[Exercise material]
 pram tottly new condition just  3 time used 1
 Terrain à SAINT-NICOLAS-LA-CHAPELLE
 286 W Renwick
[/Exercise material]
[Exercise material]
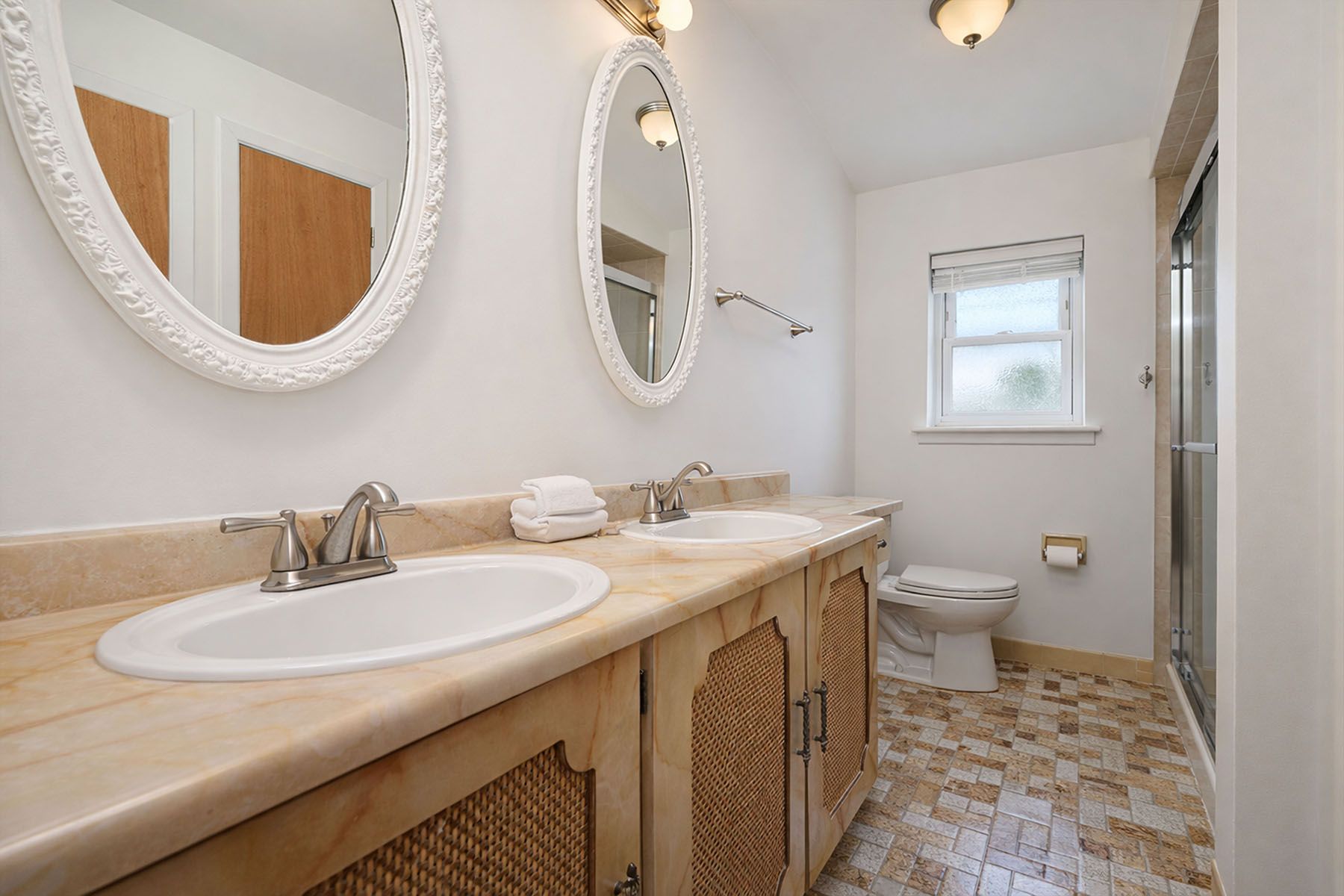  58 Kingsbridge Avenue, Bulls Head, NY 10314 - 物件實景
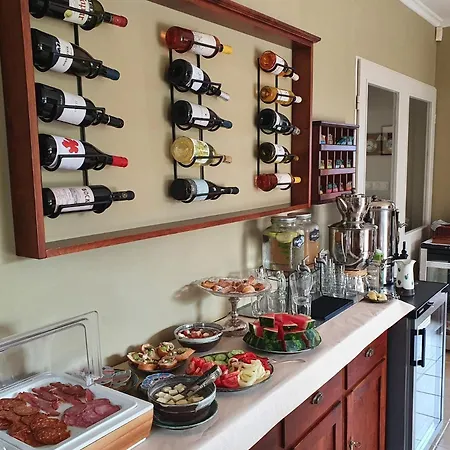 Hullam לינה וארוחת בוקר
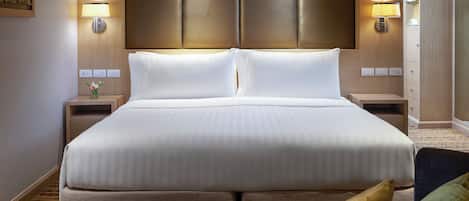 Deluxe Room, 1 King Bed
[/Exercise material]
* Brief:
Retype only the lines above between the line with "Terrain à SAINT-NICOLAS-LA-CHAPELLE" and the line with "286 W Renwick", counting those two lines as well, and keep every character as it is.

* Response to the task:
 Terrain à SAINT-NICOLAS-LA-CHAPELLE
 286 W Renwick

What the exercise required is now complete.